TASK ITEM → The output should match, line for line, the records from the line containing "ZAZZLE Earrings Pastel Dreams Large Clock" through the line containing "Lowell Folding Coat", with every picture left out.

EXCERPTED RECORDS →

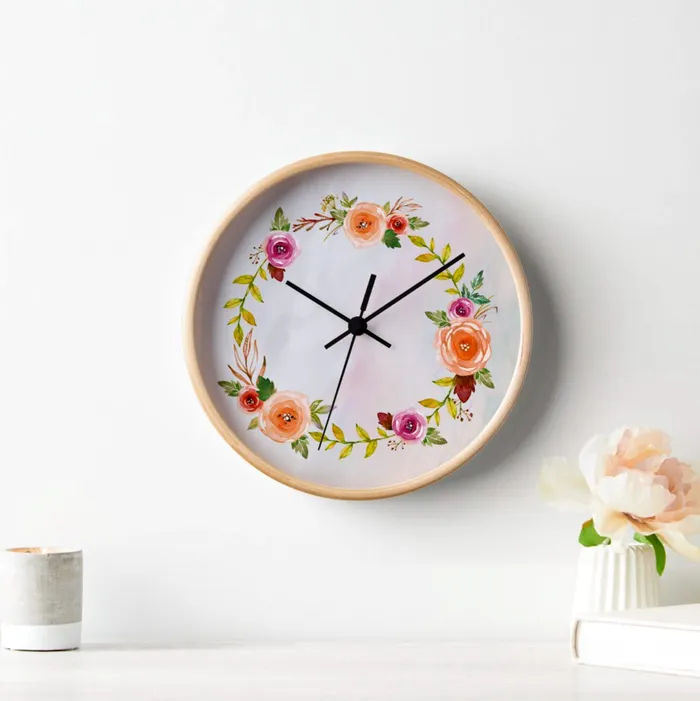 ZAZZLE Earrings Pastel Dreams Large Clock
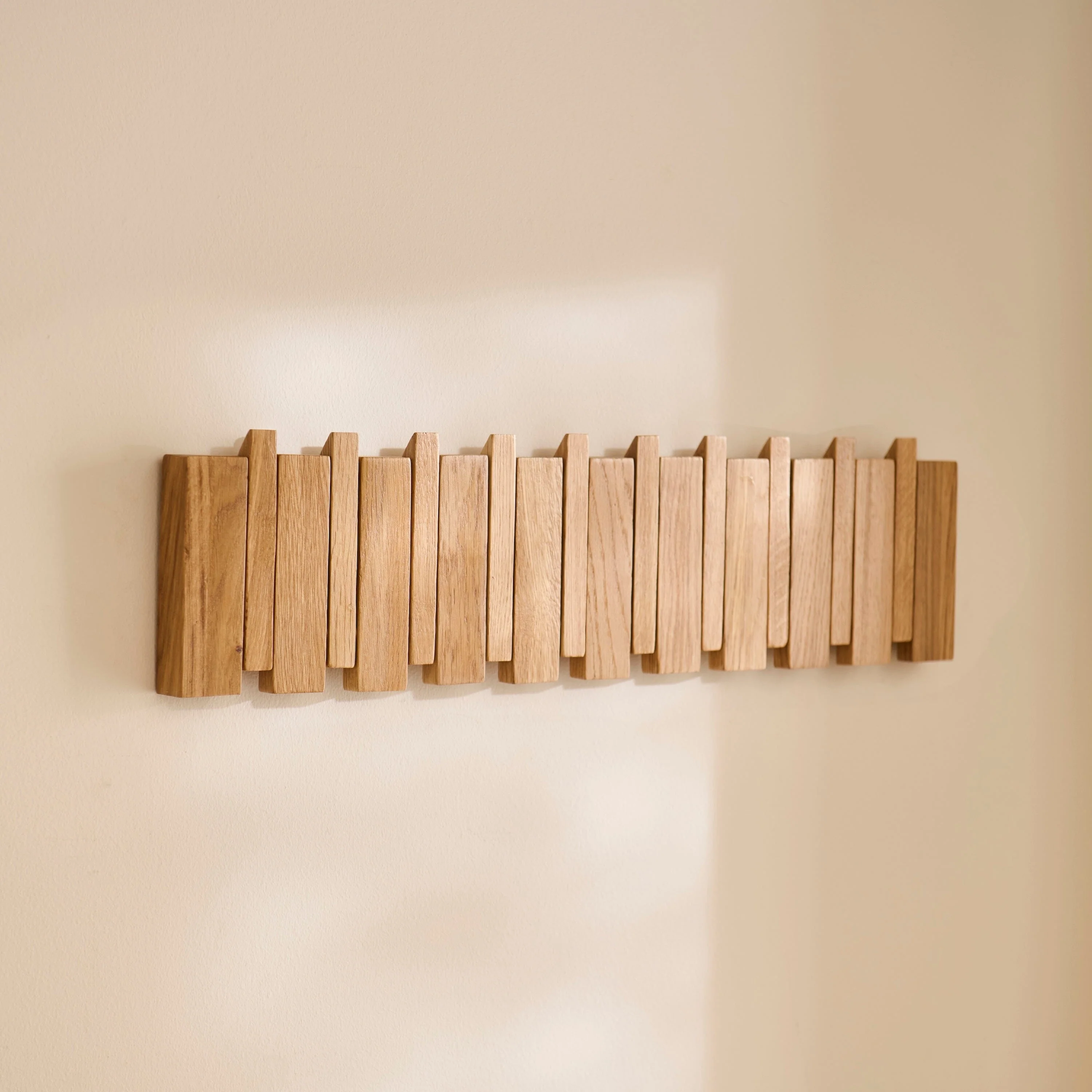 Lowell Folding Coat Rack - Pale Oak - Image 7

--

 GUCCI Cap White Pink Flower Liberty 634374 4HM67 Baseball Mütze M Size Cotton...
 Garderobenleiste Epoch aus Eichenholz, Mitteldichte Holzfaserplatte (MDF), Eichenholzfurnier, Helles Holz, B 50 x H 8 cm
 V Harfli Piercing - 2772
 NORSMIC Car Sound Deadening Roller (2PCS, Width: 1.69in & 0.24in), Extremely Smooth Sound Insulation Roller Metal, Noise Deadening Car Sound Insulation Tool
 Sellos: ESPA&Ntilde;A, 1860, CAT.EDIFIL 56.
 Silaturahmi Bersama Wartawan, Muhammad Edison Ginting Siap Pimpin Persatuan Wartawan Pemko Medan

PROBLEM SOLUTION →
 ZAZZLE Earrings Pastel Dreams Large Clock
 Lowell Folding Coat Rack - Pale Oak - Image 7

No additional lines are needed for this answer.